It turns out that one of Benjamin Netanyahu’s most notoriously divisive statements in recent years reflects, almost identically, an anti-Semitic election slogan exposed and decried by none other than the founding father of right-wing Zionism, Jabotinsky.
By Gilad Halpern
Ze’ev Vladimir Jabotinsky, the founding father of the Zionist right and forebear of Likud, has been said to turn in his grave so many times he could produce enough energy to electrify a few new settlements.
It is often said that Jabotinsky, a liberal nationalist who imbibed 19th century romanticism, would have had nothing but contempt for the lowbrow jingoism that has become so characteristic of his so-called disciples in Likud.

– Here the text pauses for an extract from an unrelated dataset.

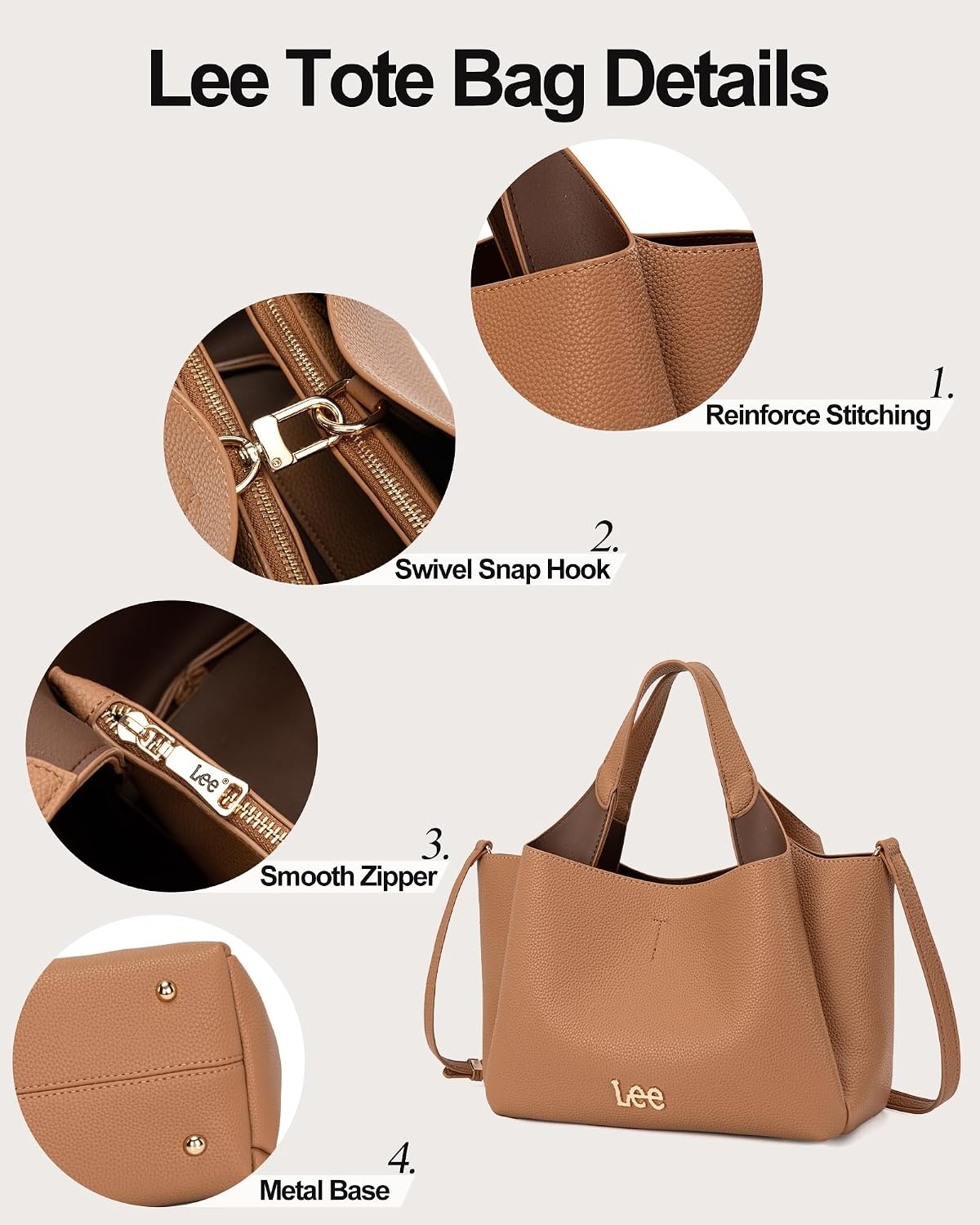 image:imageLee Womens TopHandle Handbags Leather Tote Bag with Two Detachable PurseTan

One particularly notorious example was Prime Minister Benjamin Netanyahu’s Election Day warning that “Arab voters are heading to the polling station in droves,” in a desperate attempt to prod his supporters to save his right-wing government. Which they did: Netanyahu’s divisive remark proved to be extremely effective, and it is credited with having clinched him a victory in what seemed until the very end to be a losing battle.
But as it emerged this week, when Netanyahu uttered his now-infamous remark, Jabotinsky must have completed a double somersault six feet under.
Prof. Yaacov Shavit, a historian of Judaism at Tel Aviv University, has dug up a century-old, obscure quote from one of Jabotinsky’s many volumes of writings.
It was written in 1911, when Jabotinsky, an extremely prolific journalist and essayist, covered the racially tense municipal elections in Warsaw, Poland.
In archaic Hebrew that has nonetheless survived the passage of time, he conveys to his readers the “pogrom atmosphere” that prevailed during the campaign. To prove his point, he quotes a few tracts handed out by Polish nationalists, including one that says: “Calling on our people: Look what is happening at the polling stations. The Jews are heading to them in droves, and the Poles are scattered… If you vote for the pseudo-progressive party, Warsaw will be represented by Jews. Poles, save your capital!”
He then concludes: “I rest my case.”
Did Netanyahu know about the uncanny similarity between the two? That’s very unlikely. The quote appears in a new book of Jabotinsky’s writings published just this week. But to put it in Mark Twain’s words, “History may not repeat itself, but it does rhyme.”
Gilad Halpern is a journalist and broadcaster, host of “The Tel Aviv Review – Ideas from Israel” podcast on TLV1 Radio.